### WORK ORDER
Only the tail of the listing is wanted: the line containing "Reflektor prawy lampa" and all after it, repeated exactly, pictures omitted.

### COLLECTED DATA
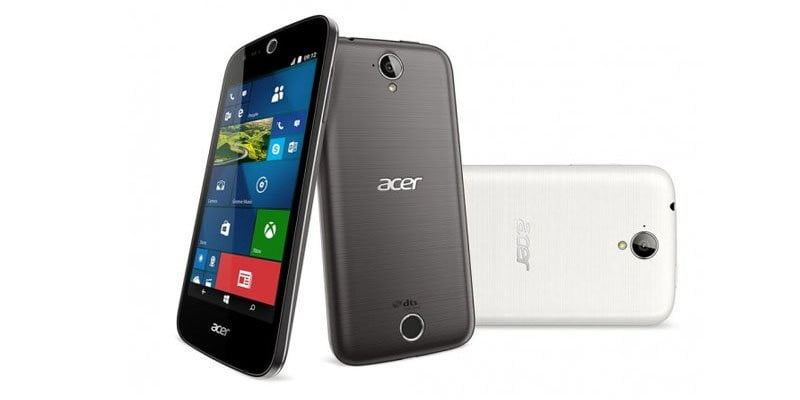 Acer Jade Primo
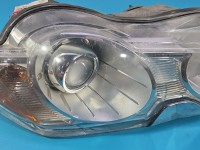 Reflektor prawy lampa przód JAGUAR XF I X250 EUROPA 8X23-13W029-BC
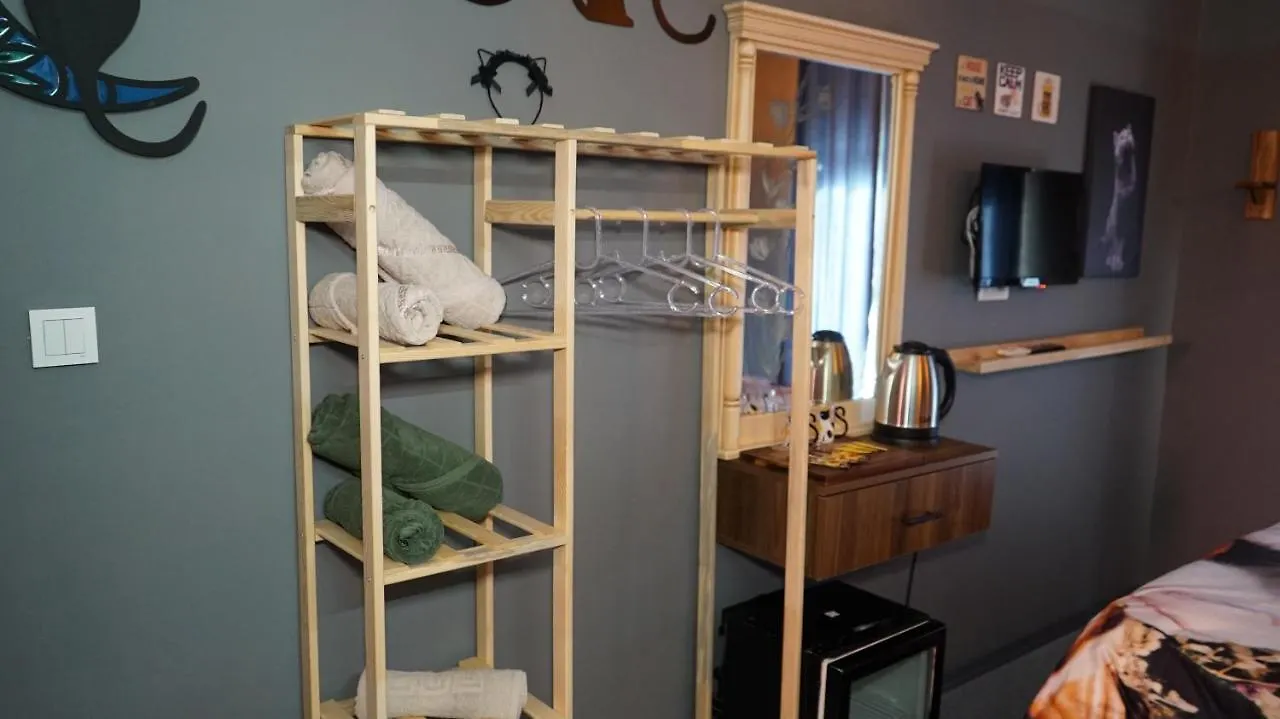 Galata Design Hotel اسطنبول 0*,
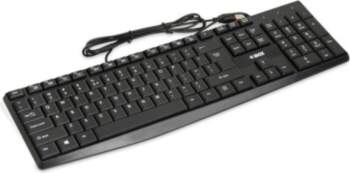 IBox IKC2010B Home USB QWERTY English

### ANSWER BOX
 Reflektor prawy lampa przód JAGUAR XF I X250 EUROPA 8X23-13W029-BC
 Galata Design Hotel اسطنبول 0*,
 IBox IKC2010B Home USB QWERTY English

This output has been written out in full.